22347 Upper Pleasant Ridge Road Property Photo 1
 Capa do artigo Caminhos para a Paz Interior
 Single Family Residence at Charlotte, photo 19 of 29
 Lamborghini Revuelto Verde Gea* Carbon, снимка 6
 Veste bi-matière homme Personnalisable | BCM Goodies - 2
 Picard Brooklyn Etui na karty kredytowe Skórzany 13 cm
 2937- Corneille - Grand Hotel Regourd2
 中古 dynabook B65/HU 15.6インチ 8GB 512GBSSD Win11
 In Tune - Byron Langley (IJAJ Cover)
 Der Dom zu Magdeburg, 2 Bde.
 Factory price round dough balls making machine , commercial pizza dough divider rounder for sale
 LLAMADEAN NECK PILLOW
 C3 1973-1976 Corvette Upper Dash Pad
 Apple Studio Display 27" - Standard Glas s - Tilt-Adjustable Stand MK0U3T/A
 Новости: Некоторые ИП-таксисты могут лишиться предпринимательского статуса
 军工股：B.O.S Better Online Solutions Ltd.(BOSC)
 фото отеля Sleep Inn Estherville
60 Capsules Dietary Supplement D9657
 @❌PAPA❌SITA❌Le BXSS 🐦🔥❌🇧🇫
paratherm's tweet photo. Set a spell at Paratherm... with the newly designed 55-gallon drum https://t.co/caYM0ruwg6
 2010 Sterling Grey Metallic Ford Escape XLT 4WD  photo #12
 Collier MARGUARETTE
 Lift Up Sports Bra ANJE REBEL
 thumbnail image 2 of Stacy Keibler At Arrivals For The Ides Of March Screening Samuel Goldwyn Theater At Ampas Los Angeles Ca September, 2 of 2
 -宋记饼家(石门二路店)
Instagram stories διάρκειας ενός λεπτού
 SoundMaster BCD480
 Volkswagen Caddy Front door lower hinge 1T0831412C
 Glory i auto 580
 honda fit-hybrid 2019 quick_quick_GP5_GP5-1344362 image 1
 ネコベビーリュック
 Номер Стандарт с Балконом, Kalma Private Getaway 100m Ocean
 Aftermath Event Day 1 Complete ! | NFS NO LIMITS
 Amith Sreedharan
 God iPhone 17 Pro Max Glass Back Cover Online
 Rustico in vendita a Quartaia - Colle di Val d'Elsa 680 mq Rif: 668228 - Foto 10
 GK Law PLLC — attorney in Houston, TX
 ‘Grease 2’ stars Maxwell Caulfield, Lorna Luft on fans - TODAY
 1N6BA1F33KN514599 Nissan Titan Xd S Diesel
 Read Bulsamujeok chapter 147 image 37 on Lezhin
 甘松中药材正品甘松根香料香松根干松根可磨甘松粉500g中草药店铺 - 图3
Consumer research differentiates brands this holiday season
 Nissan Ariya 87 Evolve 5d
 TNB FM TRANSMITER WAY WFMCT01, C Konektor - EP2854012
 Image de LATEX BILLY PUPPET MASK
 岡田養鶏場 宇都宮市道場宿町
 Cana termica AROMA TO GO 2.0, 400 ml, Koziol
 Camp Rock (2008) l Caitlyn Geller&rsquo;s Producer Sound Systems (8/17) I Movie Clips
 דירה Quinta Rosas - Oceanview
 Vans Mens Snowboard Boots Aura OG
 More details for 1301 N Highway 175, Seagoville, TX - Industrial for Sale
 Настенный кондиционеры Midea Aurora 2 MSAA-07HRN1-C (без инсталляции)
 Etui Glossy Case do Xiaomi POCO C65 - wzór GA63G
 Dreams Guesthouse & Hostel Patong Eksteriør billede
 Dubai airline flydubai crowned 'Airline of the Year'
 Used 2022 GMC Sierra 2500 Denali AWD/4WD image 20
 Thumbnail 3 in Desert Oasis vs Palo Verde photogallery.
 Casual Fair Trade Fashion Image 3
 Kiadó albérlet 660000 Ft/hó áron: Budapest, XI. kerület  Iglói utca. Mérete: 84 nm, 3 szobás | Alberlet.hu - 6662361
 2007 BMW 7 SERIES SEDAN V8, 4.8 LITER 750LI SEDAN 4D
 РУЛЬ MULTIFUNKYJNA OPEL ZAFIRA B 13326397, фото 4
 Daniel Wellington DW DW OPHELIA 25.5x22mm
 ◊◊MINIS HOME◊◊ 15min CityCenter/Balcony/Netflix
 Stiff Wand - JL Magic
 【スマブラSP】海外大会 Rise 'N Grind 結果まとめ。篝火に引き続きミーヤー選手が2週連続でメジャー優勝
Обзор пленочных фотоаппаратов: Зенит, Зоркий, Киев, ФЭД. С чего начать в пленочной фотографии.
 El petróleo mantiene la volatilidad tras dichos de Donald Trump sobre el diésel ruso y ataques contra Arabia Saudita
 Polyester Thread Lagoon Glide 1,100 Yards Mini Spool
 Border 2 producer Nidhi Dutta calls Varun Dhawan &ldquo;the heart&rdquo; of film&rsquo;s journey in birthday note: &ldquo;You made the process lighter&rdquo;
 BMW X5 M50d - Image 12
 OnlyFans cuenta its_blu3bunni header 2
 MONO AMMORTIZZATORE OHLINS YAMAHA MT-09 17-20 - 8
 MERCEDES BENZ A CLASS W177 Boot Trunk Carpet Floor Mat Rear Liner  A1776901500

PROBLEM REQUIREMENTS:
Leave out every line above except those from the line with "In Tune - Byron Langley (IJAJ Cover)" up to and including the line with "Apple Studio Display", and copy those exactly.

REPLY:
 In Tune - Byron Langley (IJAJ Cover)
 Der Dom zu Magdeburg, 2 Bde.
 Factory price round dough balls making machine , commercial pizza dough divider rounder for sale
 LLAMADEAN NECK PILLOW
 C3 1973-1976 Corvette Upper Dash Pad
 Apple Studio Display 27" - Standard Glas s - Tilt-Adjustable Stand MK0U3T/A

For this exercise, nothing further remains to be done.